Parking validation is a solution for extending free or discounted parking to some parking lot users of a paid parking facility. It’s generally considered a perk of being a customer. When a business “validates parking”, that is a shorthand way of saying, “When you dine/shop/make an appointment with us, you’ll park for less — or for free!”

When a parking ticket is “validated,” it typically means the establishment a parking customer visited is paying for at least a portion of their customer’s parking, up to 100% of the parking price.

As a parker, getting your parking validated is a benefit of making a purchase at a business. For the business, offering validation is a way to incentivize customers to visit and purchase.

Typically, parking validations works like this: the driver of a vehicle takes a parking ticket upon entering the parking lot. The driver makes a purchase from a business that then stamps or scans the parking ticket or provides a separate printed coupon. When the vehicle driver exits the parking lot the parking is discounted or validated for a set amount or percentage.

While the above lists one of the more common scenarios, there are many variations.

— sense 2 of validate … parking. With an extension of NOAD‘s sense d of validate — something like ‘recognize or affirm the excellence of somene’s actions’. In this case, the action of parking a car (“You did a great job”).

From 10/9/16, Peter’s family.

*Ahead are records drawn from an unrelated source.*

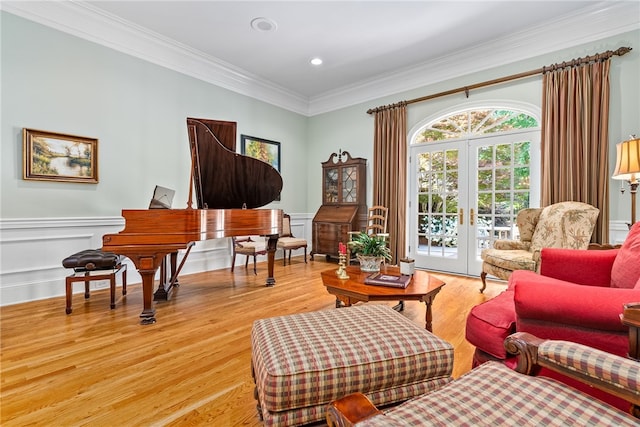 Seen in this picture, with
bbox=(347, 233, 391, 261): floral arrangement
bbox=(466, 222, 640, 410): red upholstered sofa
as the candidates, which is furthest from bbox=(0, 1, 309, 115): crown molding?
bbox=(466, 222, 640, 410): red upholstered sofa

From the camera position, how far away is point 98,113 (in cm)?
340

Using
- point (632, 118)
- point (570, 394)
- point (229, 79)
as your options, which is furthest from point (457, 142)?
point (570, 394)

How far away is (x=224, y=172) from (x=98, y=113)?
6.03 ft

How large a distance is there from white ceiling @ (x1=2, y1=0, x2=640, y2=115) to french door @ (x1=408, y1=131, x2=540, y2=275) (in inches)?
43.4

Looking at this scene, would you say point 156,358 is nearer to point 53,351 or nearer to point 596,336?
point 53,351

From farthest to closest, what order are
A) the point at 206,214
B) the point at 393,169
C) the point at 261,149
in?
the point at 261,149 < the point at 393,169 < the point at 206,214

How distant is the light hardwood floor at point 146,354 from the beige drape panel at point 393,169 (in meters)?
1.46

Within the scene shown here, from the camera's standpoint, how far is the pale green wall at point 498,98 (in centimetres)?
306

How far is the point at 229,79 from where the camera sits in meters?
4.66

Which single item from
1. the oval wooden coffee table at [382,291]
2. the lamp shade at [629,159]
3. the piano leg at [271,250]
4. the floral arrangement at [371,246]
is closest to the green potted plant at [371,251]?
the floral arrangement at [371,246]

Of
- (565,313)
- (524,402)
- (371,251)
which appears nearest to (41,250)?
(371,251)

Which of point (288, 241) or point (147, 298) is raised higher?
point (288, 241)

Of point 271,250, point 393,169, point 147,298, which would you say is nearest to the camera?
point 147,298

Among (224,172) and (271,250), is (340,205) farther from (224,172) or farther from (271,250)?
(224,172) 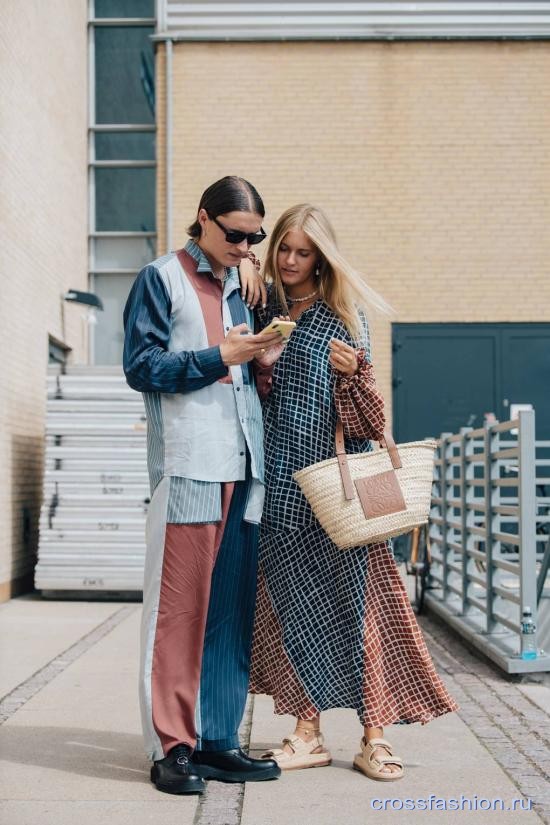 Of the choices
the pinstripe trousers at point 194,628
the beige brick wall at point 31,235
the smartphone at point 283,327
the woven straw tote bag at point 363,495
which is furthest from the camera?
the beige brick wall at point 31,235

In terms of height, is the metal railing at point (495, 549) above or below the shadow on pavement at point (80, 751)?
above

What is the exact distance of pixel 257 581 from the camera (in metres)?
4.07

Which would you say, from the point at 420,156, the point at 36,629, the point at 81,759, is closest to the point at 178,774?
the point at 81,759

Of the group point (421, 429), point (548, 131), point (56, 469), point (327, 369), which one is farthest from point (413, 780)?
point (548, 131)

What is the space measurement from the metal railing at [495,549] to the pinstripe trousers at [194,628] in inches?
104

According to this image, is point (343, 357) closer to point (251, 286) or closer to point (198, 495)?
point (251, 286)

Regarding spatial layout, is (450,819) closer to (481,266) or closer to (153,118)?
(481,266)

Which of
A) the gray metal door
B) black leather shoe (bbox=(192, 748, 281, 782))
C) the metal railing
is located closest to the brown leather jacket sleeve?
black leather shoe (bbox=(192, 748, 281, 782))

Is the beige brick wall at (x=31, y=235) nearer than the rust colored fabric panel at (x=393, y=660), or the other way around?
the rust colored fabric panel at (x=393, y=660)

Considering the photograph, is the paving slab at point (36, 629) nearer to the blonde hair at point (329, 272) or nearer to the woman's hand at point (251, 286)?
the woman's hand at point (251, 286)

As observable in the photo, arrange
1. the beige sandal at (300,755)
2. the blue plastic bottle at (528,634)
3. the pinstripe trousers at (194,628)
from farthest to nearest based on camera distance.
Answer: the blue plastic bottle at (528,634) → the beige sandal at (300,755) → the pinstripe trousers at (194,628)

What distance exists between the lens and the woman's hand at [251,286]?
13.1 ft

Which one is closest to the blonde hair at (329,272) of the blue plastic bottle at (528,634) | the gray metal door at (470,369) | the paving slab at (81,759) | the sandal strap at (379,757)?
the sandal strap at (379,757)

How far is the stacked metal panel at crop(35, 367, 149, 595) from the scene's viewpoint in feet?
33.1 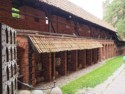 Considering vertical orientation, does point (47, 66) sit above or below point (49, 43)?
below

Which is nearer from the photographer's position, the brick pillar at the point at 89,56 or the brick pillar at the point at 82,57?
the brick pillar at the point at 82,57

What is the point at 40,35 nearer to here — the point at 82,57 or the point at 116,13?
the point at 82,57

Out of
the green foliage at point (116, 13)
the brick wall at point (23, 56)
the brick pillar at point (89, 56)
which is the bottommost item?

The couple in the cartoon have the family name Pumpkineater, but seem not to recognize that their name is risible, so that any child of theirs would be open to ridicule from other children.

(#3)

The basis for all this is a nursery rhyme about “Peter, Peter pumpkin eater”, with the common noun pumpkin eater (a synthetic N + N compound), while in the cartoon we have instead the remarkable proper name Pumpkineater.

On the nursery rhyme, from Wikipedia:


(#4) William Wallace Denslow’s illustration for “Peter Peter Pumpkin Eater”, from a 1901 edition of Mother Goose (in Wikipedia) (Denslow is best known for his illustrations in some of L. Frank Baum’s Oz books)

“Peter Peter Pumpkin Eater” is an English language nursery rhyme. … Common modern versions include:

Peter, Peter pumpkin eater,
Had a wife but couldn’t keep her;
He put her in a pumpkin shell
And there he kept her very well.

Peter, Peter pumpkin eater,
Had another and didn’t love her;
Peter learned to read and spell,
And then he loved her very well.

The first surviving version of the rhyme was published in Infant Institutes, part the first: or a Nurserical Essay on the Poetry, Lyric and Allegorical, of the Earliest Ages, &c., in London around 1797. It also appears in Mother Goose’s Quarto: or Melodies Complete, printed in Boston, Massachusetts around 1825

Modern interpretations of the rhyme are inclined to see the first verse as referring to an unfaithful wife (maybe from an actual court case of the time), possibly murdered by her husband, with her body stuffed into some container (a pumpkin in the rhyme, presumably because pumpkin alliterates with the Peter); or merely locked up someplace by her husband.

The mildly offensive slang noun peter ‘the penis, esp.of a young boy’ seems to be somewhat later than the nursery rhyme (GDoS has a first cite of 1870), though the name Peter, Peter in the rhyme is sometimes played on as risqué in modern times.